Vespa at Zedge – providing personalization content to millions of iOS, Android & web users

This blog post describes Zedge’s use of Vespa for search and recommender systems to support content discovery for personalization of mobile phones (Android, iOS and Web). Zedge is now using Vespa in production to serve millions of monthly active users. See the architecture below.


What is Zedge?


Zedge’s main product is an app – Zedge Ringtones & Wallpapers – that provides wallpapers, ringtones, game recommendations and notification sounds customized for your mobile device.  Zedge apps have been downloaded more than 300 million times combined for iOS and Android and is used by millions of people worldwide each month. Zedge is traded on NYSE under the ticker ZDGE.

People use Zedge apps for self-expression. Setting a wallpaper or ringtone on your mobile device is in many ways similar to selecting clothes, hairstyle or other fashion statements. In fact people try a wallpaper or ringtone in a similar manner as they would try clothes in a dressing room before making a purchase decision, they try different wallpapers or ringtones before deciding on one they want to keep for a while.

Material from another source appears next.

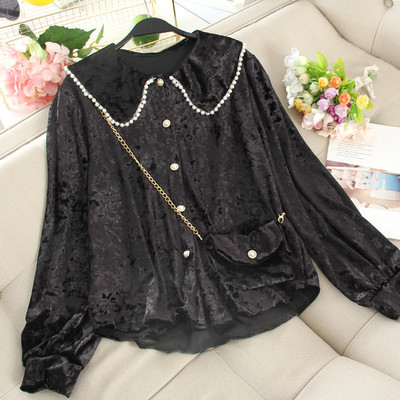 Γυναικείο καθημερινό πουκάμισο με κουμπιά και πέρλες από  βελούδο σε διάφορα χρώματα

The decision for selecting a wallpaper is not taken lightly, since people interact and view their mobile device screen (and background wallpaper) a lot (hundreds of times per day).

Why Zedge considered Vespa

Zedge apps – for iOS, Android and Web – depend heavily on search and recommender services to support content discovery. These services have been developed over several years and constituted of multiple subsystems – both internally developed and open source – and technologies for both search and recommender serving. In addition there were numerous big data processing jobs to build and maintain data for content discovery serving. The time and complexity of improving search and recommender services and corresponding processing jobs started to become high, so simplification was due.


Vespa seemed like a promising open source technology to consider for Zedge, in particular since it was proven in several ways within Oath (Yahoo):

  1. Scales to handle very large systems , e.g. 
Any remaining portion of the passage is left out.